WHAT IS BEING ASKED: All pictures are to be omitted while the lines starting at the line with "image:imageCasely iPhone 16" and ending at the line with "SP-S Grips Black" in the material below are retyped exactly, both ends included.

----------------------------------------

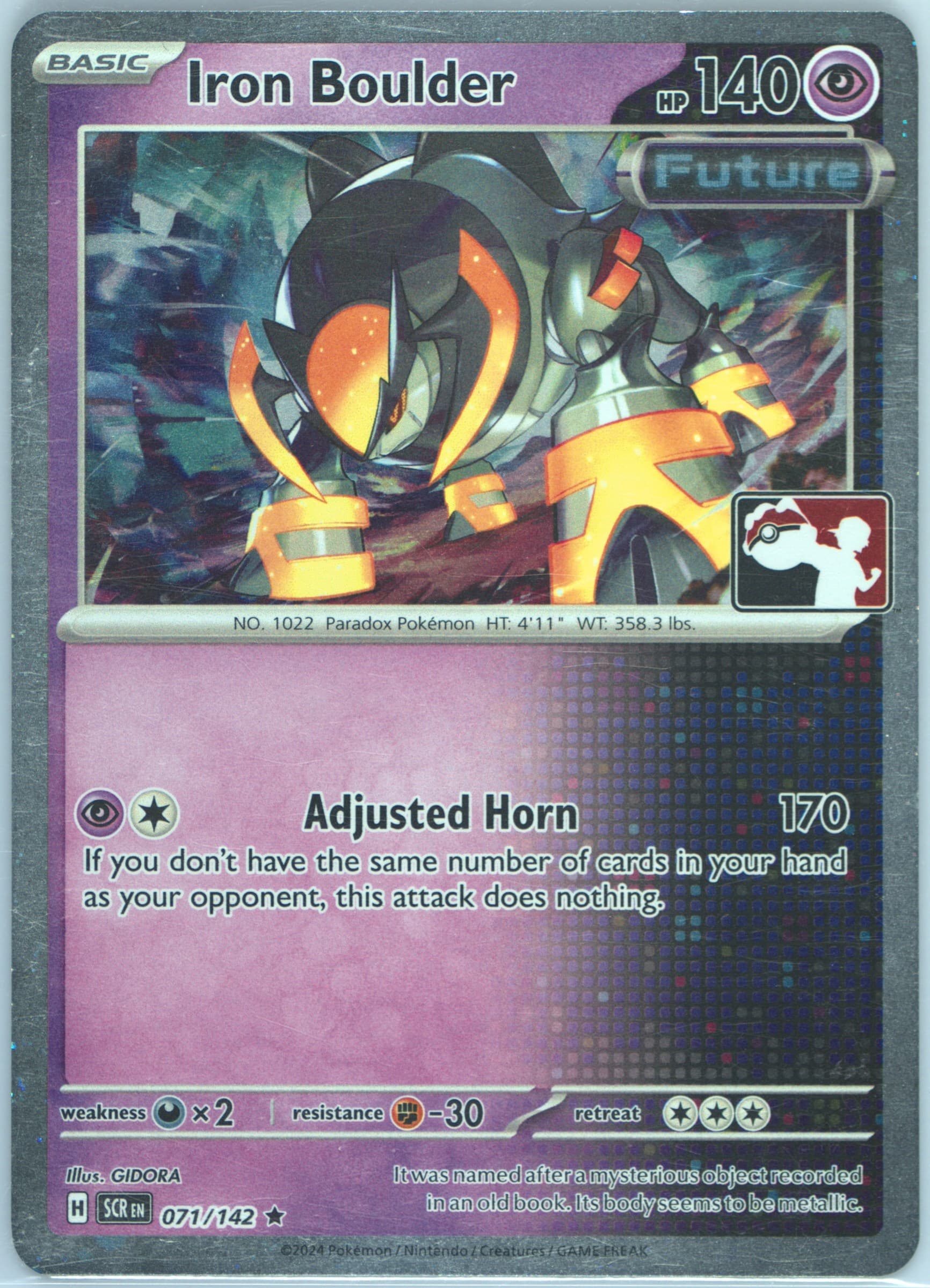 Iron Boulder Holo (071) 2025 Pokemon Play! Pokemon Prize Pack: Series 6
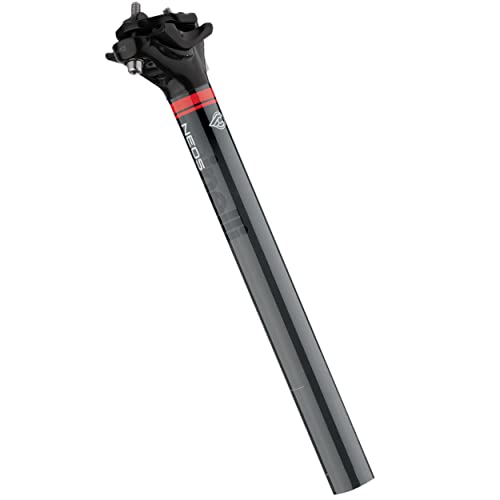 Cinelli Neos Carbon Sattelstütze, Schwarz/Rot, 27,2 mm von Cinelli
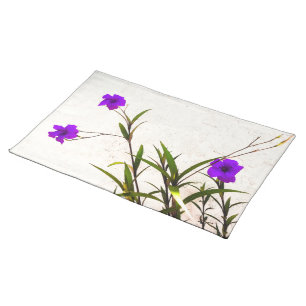 Purple Flowers in the Breeze Cloth Placemat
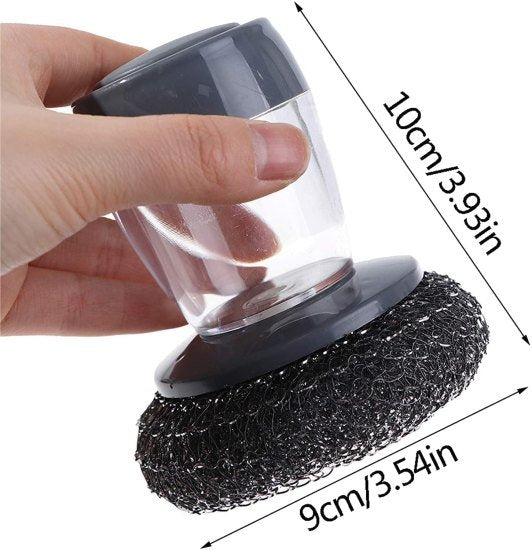 Wire Plam Dish Cleaner Brush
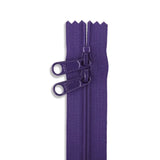 18" Nylon Coil Long Pull Double Zipper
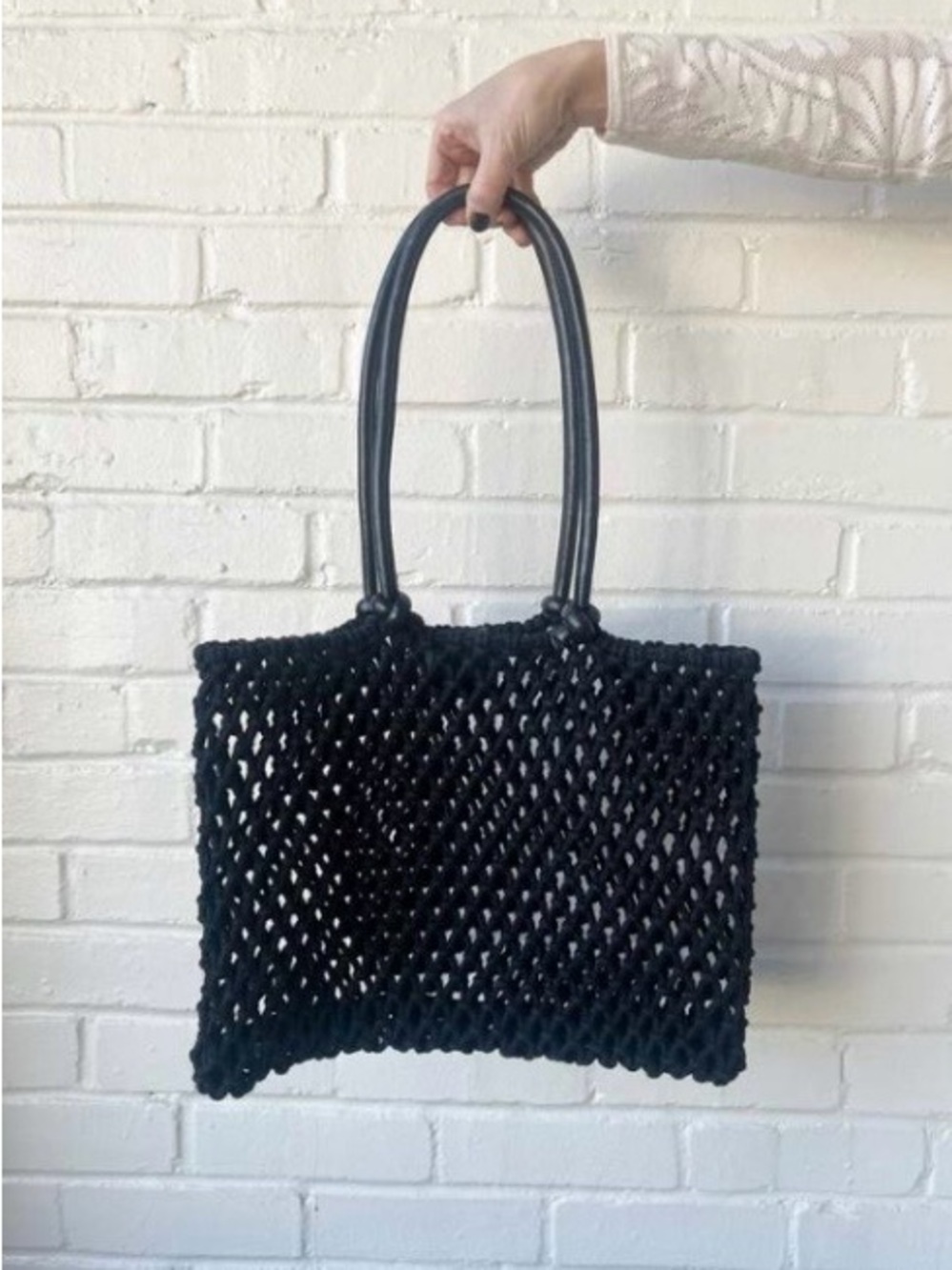 Clare V black Sandy Tote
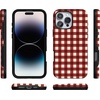 image:imageCasely iPhone 16 Pro Max Case  Checked Twice  Red Plaid  Bold Protective Design  MagSafe Compatible Design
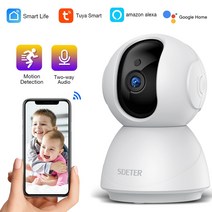 스마트 홈카메라 헤이홈 텐플 pro 탑4 sdeter 실내 ip wifi 3mp hd, 2mp 64g 카드 추가, 협력사, EU 플러그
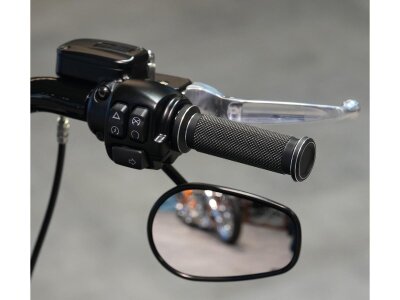 SP-S Grips Black Cut Anodized 1" Throttle Cables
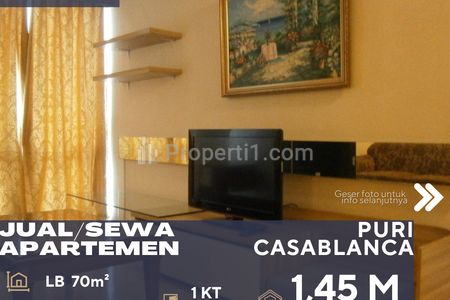 Dijual Apartemen Puri Casablanca 1 BR Furnish City View di Tebet Jakarta Selatan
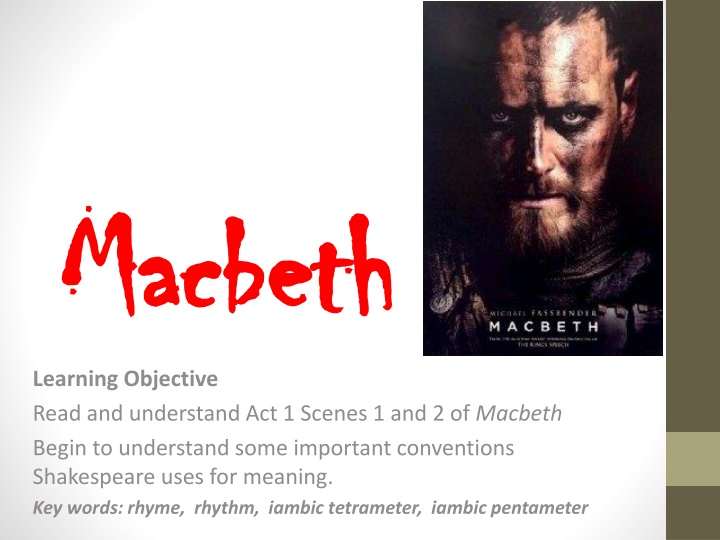 Shakespeare's Conventions in Macbeth Act 1 Scenes 1 and 2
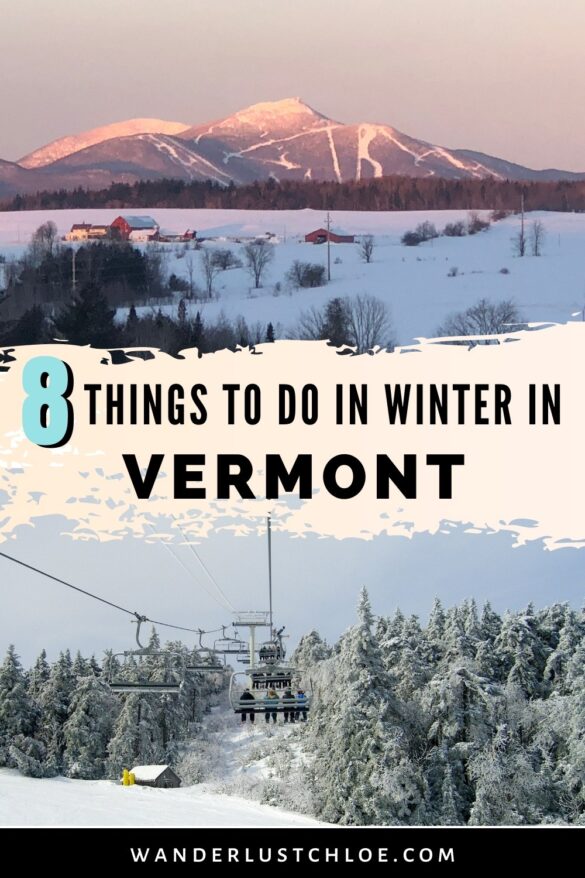 vermont places to visit in winter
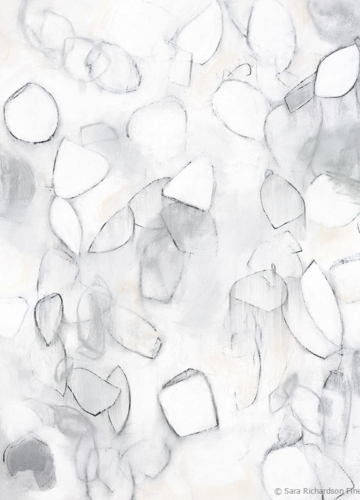 Float No.29 soft gray-white abstraction shaped by quiet spacing, balance, and light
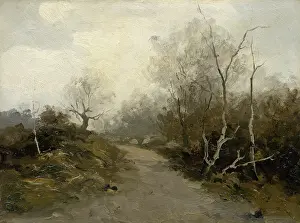 Felicin Moczik Prints: Forest road, 1880-1900. Creator: Felician Moczik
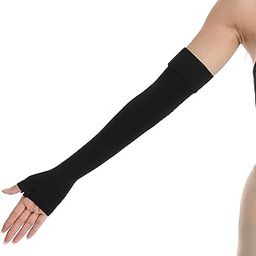 LAPLUIE Arm Compression Sleeve for Men Women(Single), 20-30 mmhg Full Arm Support, Graduated Compression Arm Brace for Pain Relief, Swelling, Edema, Post Surgery Recovery-6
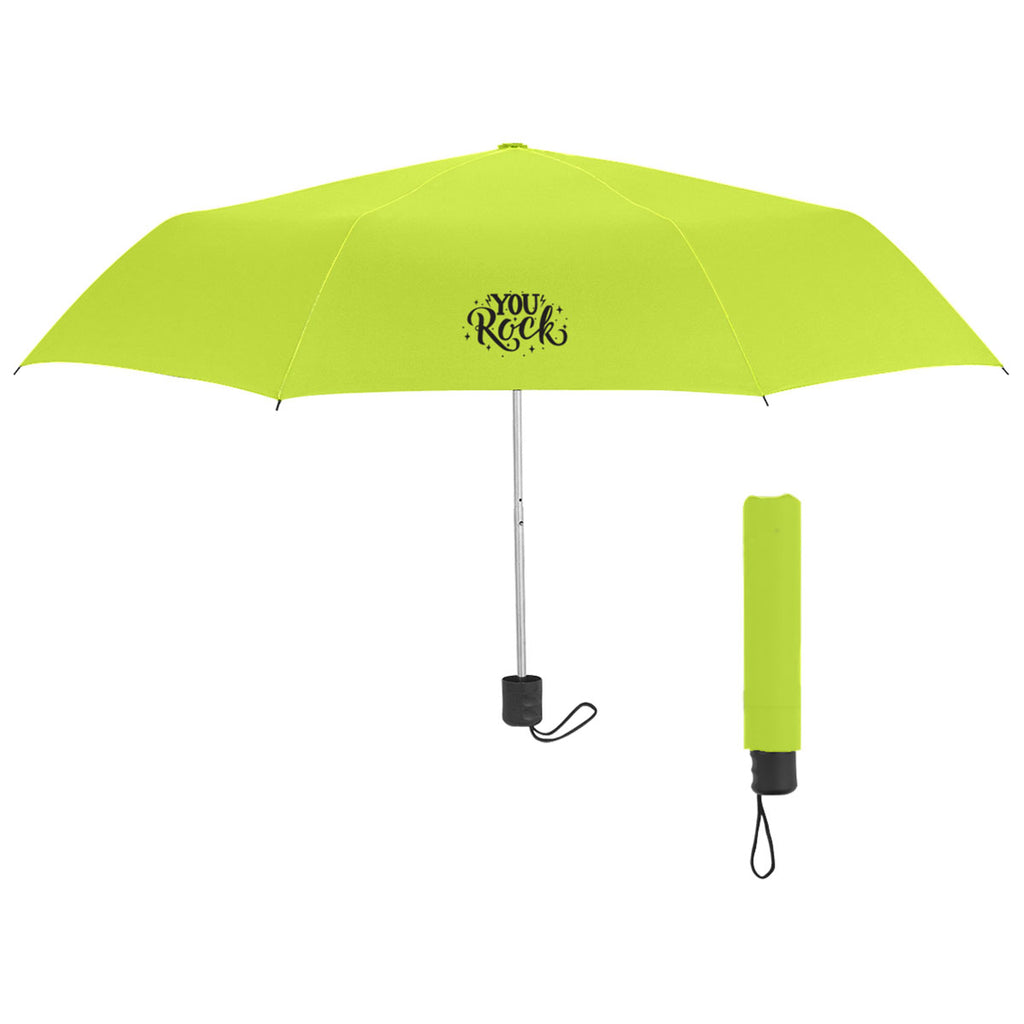 Hit Lime Green 42" Arc Budget Telescopic Umbrella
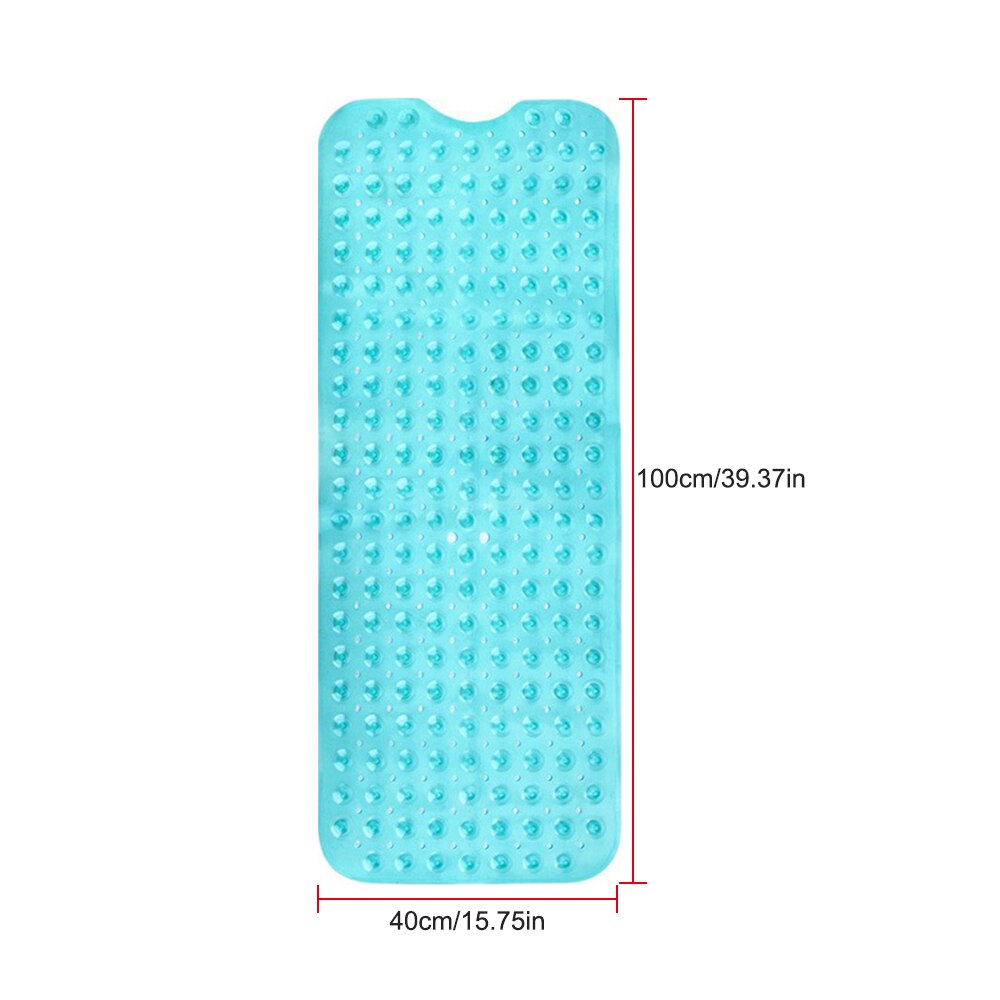 40*100Cm Mat Bad Badmat Pvc Grote Bad Veiligheid Douche Antislip Badmatten Met Zuignap cups Floor Mat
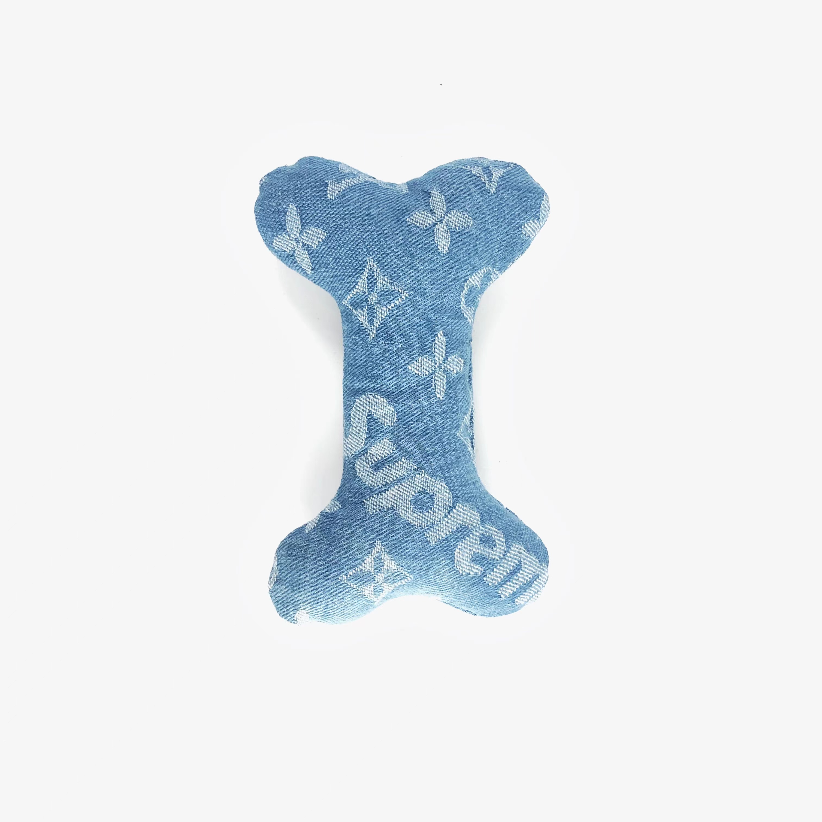 Denim Sup LV Squeaker Toy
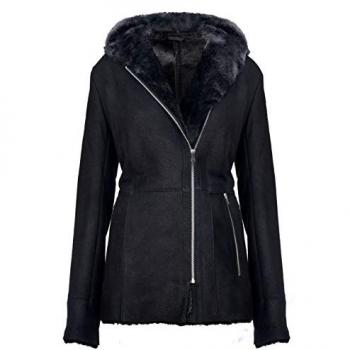 Hooded Merino Sheepskin Jacket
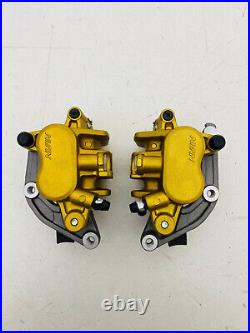 Pair Brake Calipers Nissin Honda CB 600 F Hornet Non ABS Gold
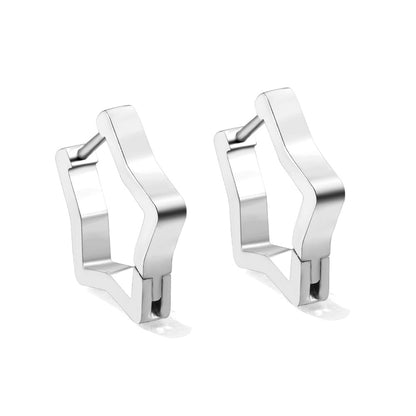 Star earrings 2.8*18*17.7mm asonjewelry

----------------------------------------

RESPONSE TO THIS TASK:
 image:imageCasely iPhone 16 Pro Max Case  Checked Twice  Red Plaid  Bold Protective Design  MagSafe Compatible Design
 스마트 홈카메라 헤이홈 텐플 pro 탑4 sdeter 실내 ip wifi 3mp hd, 2mp 64g 카드 추가, 협력사, EU 플러그
 SP-S Grips Black Cut Anodized 1" Throttle Cables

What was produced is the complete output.